Finally, in addition to the wonderful community of friends my wife has through CC, the concept of a “one-stop-shop” for homeschooling is very appealing to her. I’ve read many of you on this forum write about your time spent researching and evaluating textbooks and courses and methodologies and such, and frankly my wife is likely never going to do that sort of work. I’m at peace with that. My wife has had ongoing health challenges since I’ve know her—often quite severe. By God’s mercy and lots of effort and expense, we’ve found a lifestyle by which she can get through the week with relative normalcy. But taking care of her health is essentially her part-time job. So I can empathize with her dismay when she thinks about quitting CC and what that would mean going forward. As I’ve said before, and like Lisa and Sharon have expressed, I’m really torn about CC. Our is a beautiful community that has enriched our life in many ways, but they’ve staked their ground firmly in anti-evolution ideology, and thus I don’t know how sustainable an option for us it is.

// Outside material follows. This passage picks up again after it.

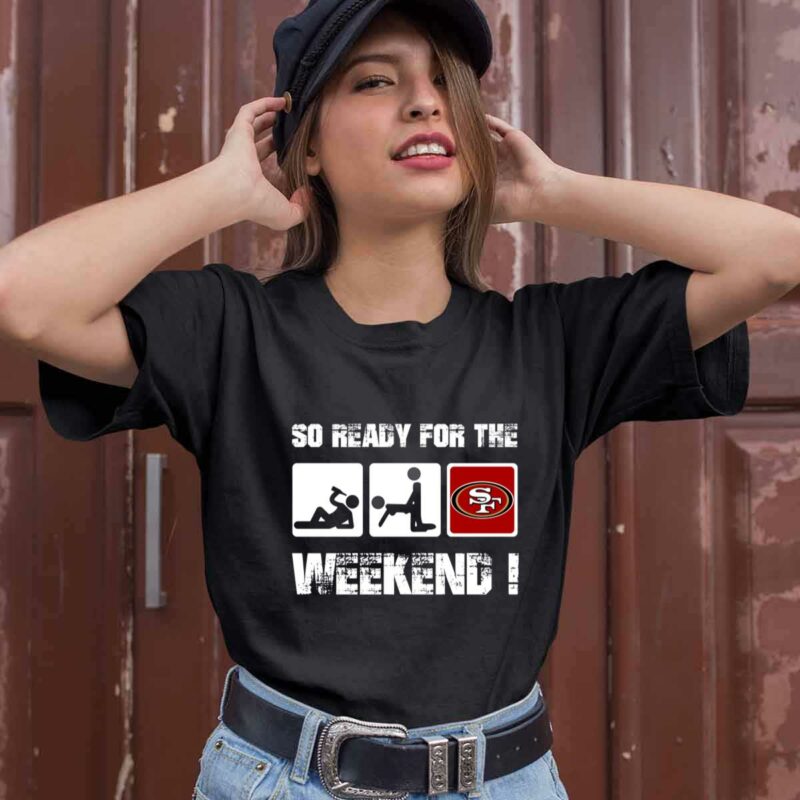 San Francisco 49Ers So Ready For The Weekend 0 T Shirt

Well, of my many tiresomely long messages, this may have surpassed all others. I didn’t intend for this to be so long, and honestly I’m still not sure whether I’m disclosing too much personal details here. But for better or worse, this forum is for now the place for me to find some understanding and support through a particularly stressful time.
Again, I appreciate all of you who are praying for me and my family.